As for players coming in, we’ve been linked with Norwich’s Alexander Tettey who, it’s being reported, is going to be released by the East Anglian club who were relegated (along with Newcastle) in the week. On the face of it, Tettey would be a good signing for us, but we could expect plenty of competition from other clubs in the Championship (and, maybe, higher) who’d be interested in him – also, I’m pretty sure that he, like Lex Immers, would do nothing to increase the amount of attacking pace in the squad.
Finally, a few words about the Championship Play Offs. The first legs of the Semi Finals have already taken place and it looks like we will be seeing an all Yorkshire Final. Sheffield Wednesday were 2-0 winners over Brighton at Hillsborough on Friday night – not all over by any means, but with Brighton having not scored against Wednesday in three meetings this season now and having lost four of their players with injuries which threaten to keep them out of tomorrow’s return leg, it’s hard to see them turning the deficit around.

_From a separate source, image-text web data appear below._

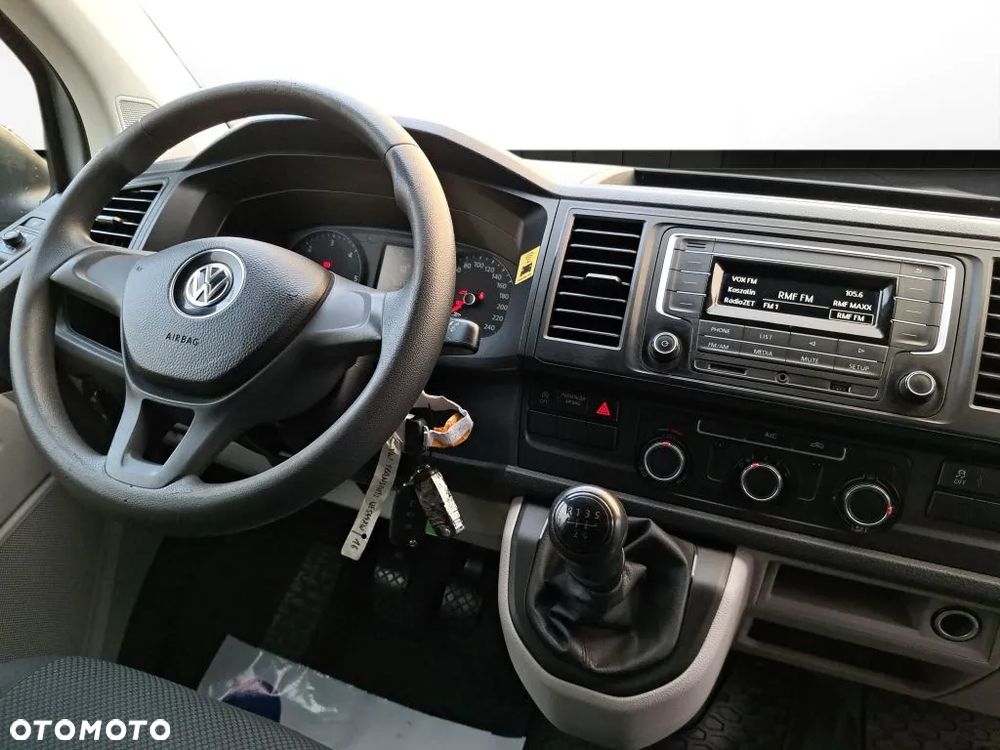 Volkswagen Transporter - 13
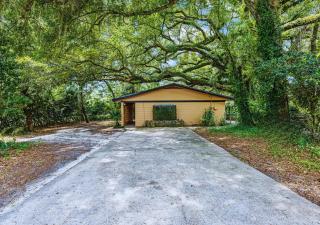 3BR Oasis with Alfresco Dining & Retro Gaming - Gainesville - 9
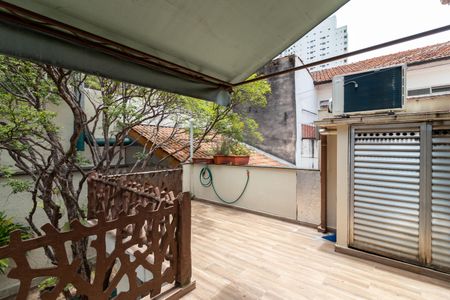 Casa à venda com 255m², 3 quartos e 2 vagas Casa à venda com 255m², 3 quartos e 2 vagasVaranda do Quarto 2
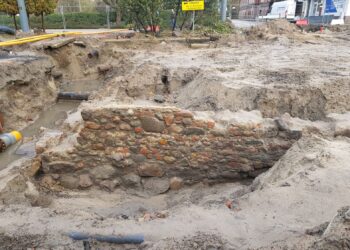 Brama Młyńska odkopana. Zobacz zdjęcia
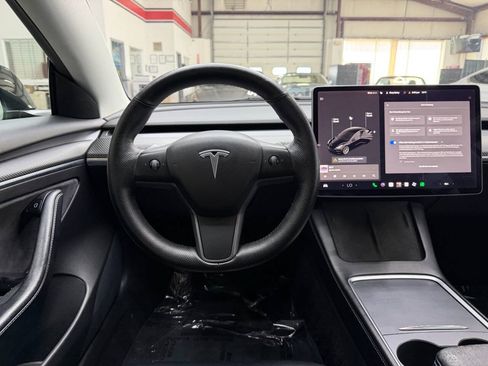 Used 2021 Tesla Model 3 Standard Range Plus RWD image 21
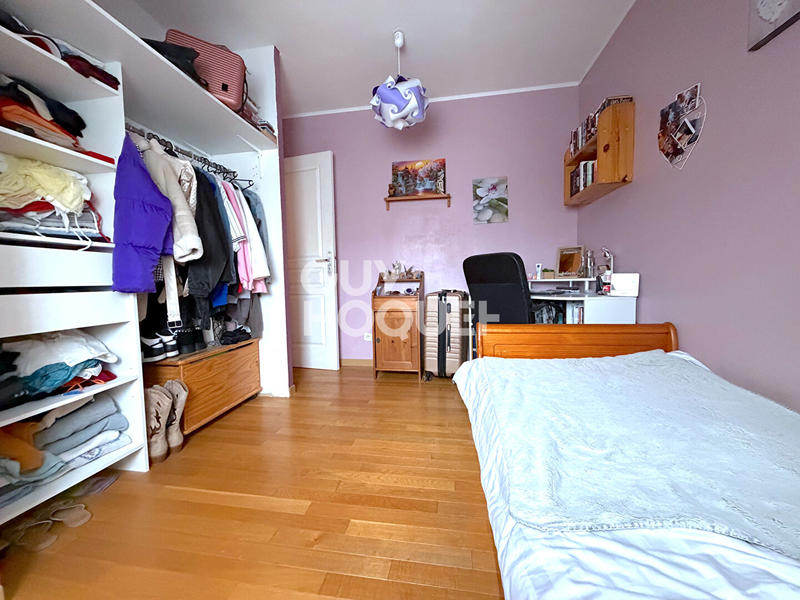 Maison - 95 m² - 5 pièces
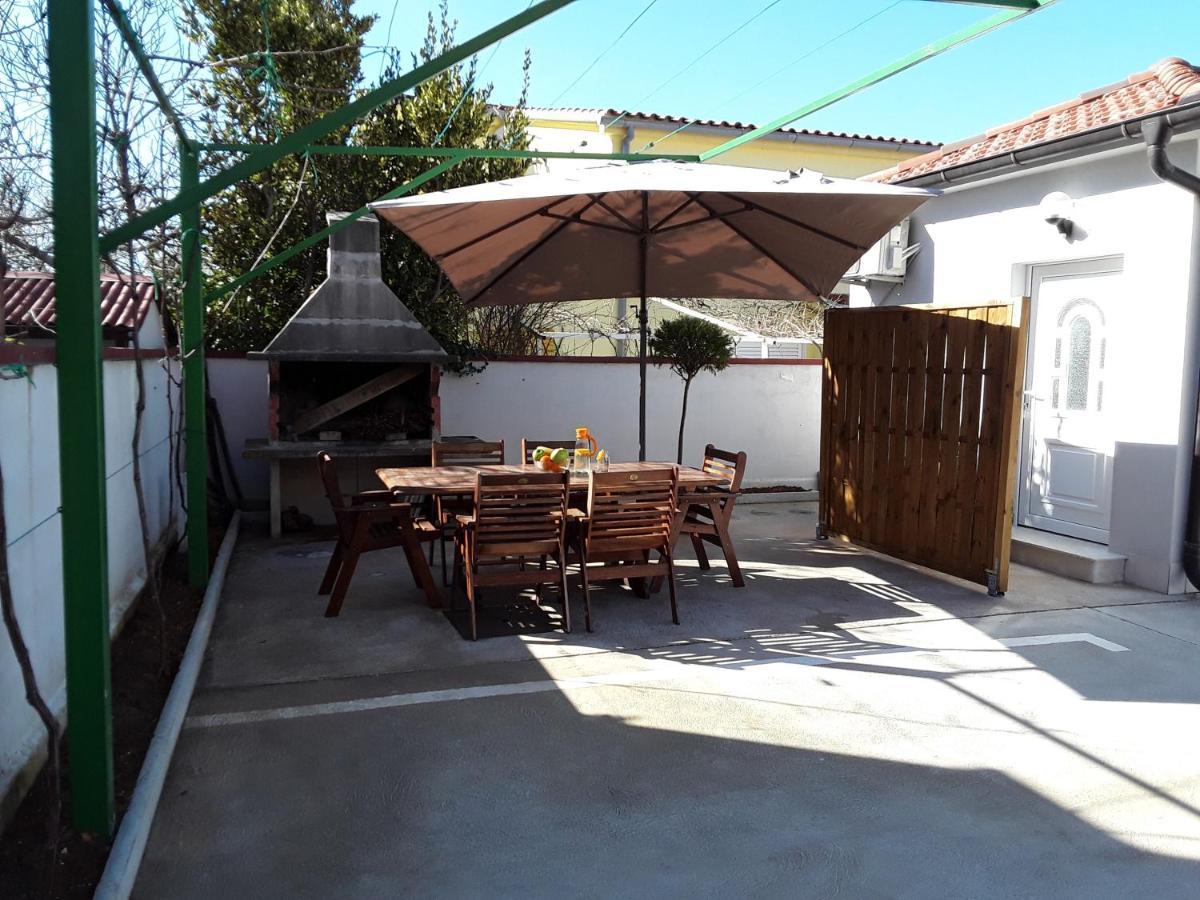Zaton Apartmani M. Ilesh Dış mekan fotoğraf
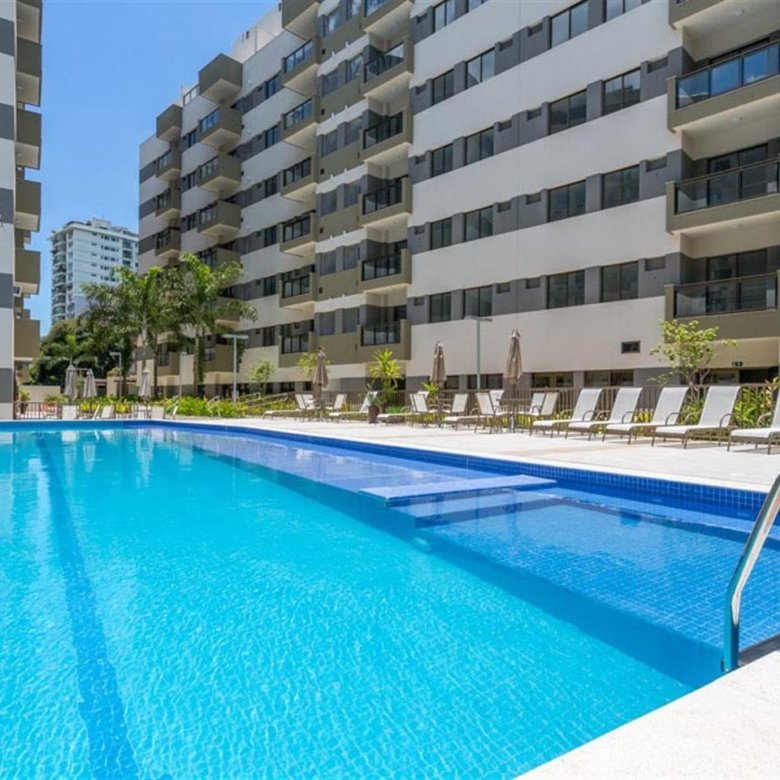 O Líbero é mais novo empreendimento residencial do Freguesia, próximo a Linha Amarela, na Freguesia de Jacarepaguá! Morando no Líbero Jacarepaguá, vá até a esquina pegar um pão quentinho enquanto observa as crianças brincando. Faça novos amigos e descubra novidades todos os dias. Em Jacarepaguá, essas qualidades são parte da tradição. Some a isso mobilidade, conforto, segurança e lazer: bem-vindo ao Líbero, o novo Tegra da região. Aproveite todo o lazer na piscina, relaxando no deck molhado, jogando na quadra, reunindo os amigos no boteco de jogos, no espaço gourmet ou no salão de festas adultos do condomínio. Seus filhos também têm essa opção: o espaço teen e o salão de festas infantil comportam as confraternizações dos pequenos com estilo. No Líbero os apartamento possuem unidades de 2 quartos e coberturas duplex de 3 quartos, de 56m² a 144m². O tempo vira seu melhor amigo: A Praia da Barra está a 15 minutos e a saída da Linha Amarela fica próxima ao condomínio. Características do Imóvel/Empreendimento: Pronto para Morar - Playground - Sala Ginástica - Salão de Festas - Salão de Jogos - Vestiário - Solarium - Piscina - Forno de Pizza - Salão Gourmet - Deck Molhado - Hidromassagem - Sauna integrada a piscina - Espaço Zen - Salão de Festas Infantil - Fitness - Churrasqueira - Bar da Piscina - Salão Multiuso - Brinquedoteca - Piscina Indoor - SPA - Pub - Academia - Cobertura entregue com churrasqueira Agende já sua visita: (21) 98127-4413 Spartus Imóveis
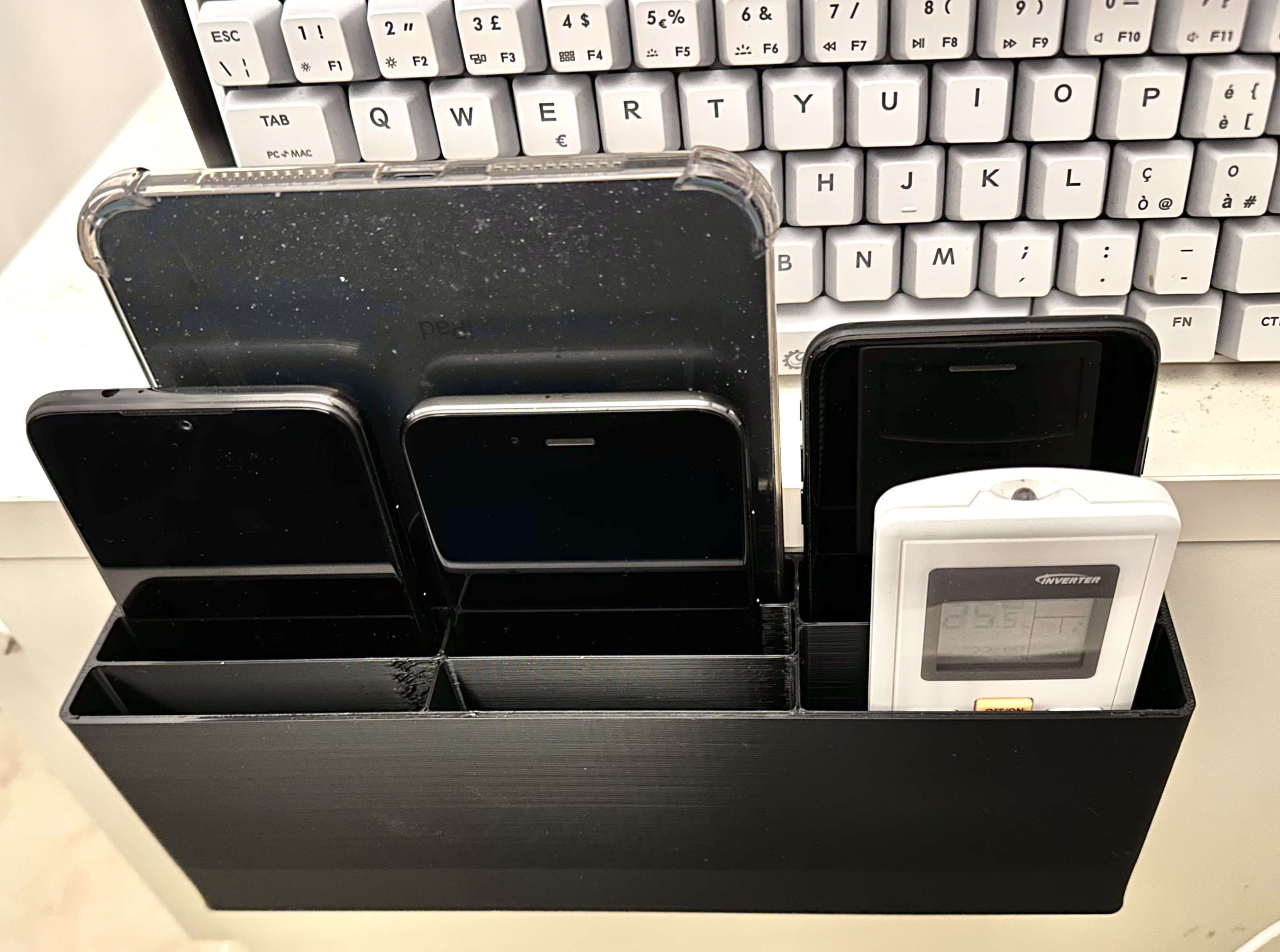 Smart devices holder wall mount by Erer2001 Download free STL model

The other tie looks even more cut and dried after Hull’s 3-0 win at Derby yesterday lunchtime where I couldn’t quite make up my mind whether it was Hull’s brilliance or Derby’s ineptitude that was responsible for an away win which was as comprehensive as the scoreline suggests. However, having seemingly turned things around after their defeat here at the beginning of last month, the Championship’s biggest spending outfit showed all of the lack of unity which had me thinking a few weeks back that they were the team we could overhaul in the top six.